### Task to complete
For this exercise, transcribe all the records below exactly.

### Provided entries
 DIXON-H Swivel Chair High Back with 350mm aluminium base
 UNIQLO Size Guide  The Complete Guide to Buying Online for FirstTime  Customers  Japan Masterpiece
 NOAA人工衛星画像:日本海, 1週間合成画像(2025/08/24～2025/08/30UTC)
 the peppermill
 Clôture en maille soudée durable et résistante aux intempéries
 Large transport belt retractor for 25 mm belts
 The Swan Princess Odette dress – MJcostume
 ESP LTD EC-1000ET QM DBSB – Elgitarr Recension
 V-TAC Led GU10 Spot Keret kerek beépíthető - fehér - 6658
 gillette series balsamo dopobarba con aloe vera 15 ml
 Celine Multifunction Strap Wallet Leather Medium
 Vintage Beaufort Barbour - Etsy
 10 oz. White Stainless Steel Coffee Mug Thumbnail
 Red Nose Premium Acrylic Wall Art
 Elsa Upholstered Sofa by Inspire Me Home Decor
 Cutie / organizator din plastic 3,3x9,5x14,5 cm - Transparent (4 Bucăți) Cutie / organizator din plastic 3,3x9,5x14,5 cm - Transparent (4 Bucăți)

### Result of the exercise
 DIXON-H Swivel Chair High Back with 350mm aluminium base
 UNIQLO Size Guide  The Complete Guide to Buying Online for FirstTime  Customers  Japan Masterpiece
 NOAA人工衛星画像:日本海, 1週間合成画像(2025/08/24～2025/08/30UTC)
 the peppermill
 Clôture en maille soudée durable et résistante aux intempéries
 Large transport belt retractor for 25 mm belts
 The Swan Princess Odette dress – MJcostume
 ESP LTD EC-1000ET QM DBSB – Elgitarr Recension
 V-TAC Led GU10 Spot Keret kerek beépíthető - fehér - 6658
 gillette series balsamo dopobarba con aloe vera 15 ml
 Celine Multifunction Strap Wallet Leather Medium
 Vintage Beaufort Barbour - Etsy
 10 oz. White Stainless Steel Coffee Mug Thumbnail
 Red Nose Premium Acrylic Wall Art
 Elsa Upholstered Sofa by Inspire Me Home Decor
 Cutie / organizator din plastic 3,3x9,5x14,5 cm - Transparent (4 Bucăți) Cutie / organizator din plastic 3,3x9,5x14,5 cm - Transparent (4 Bucăți)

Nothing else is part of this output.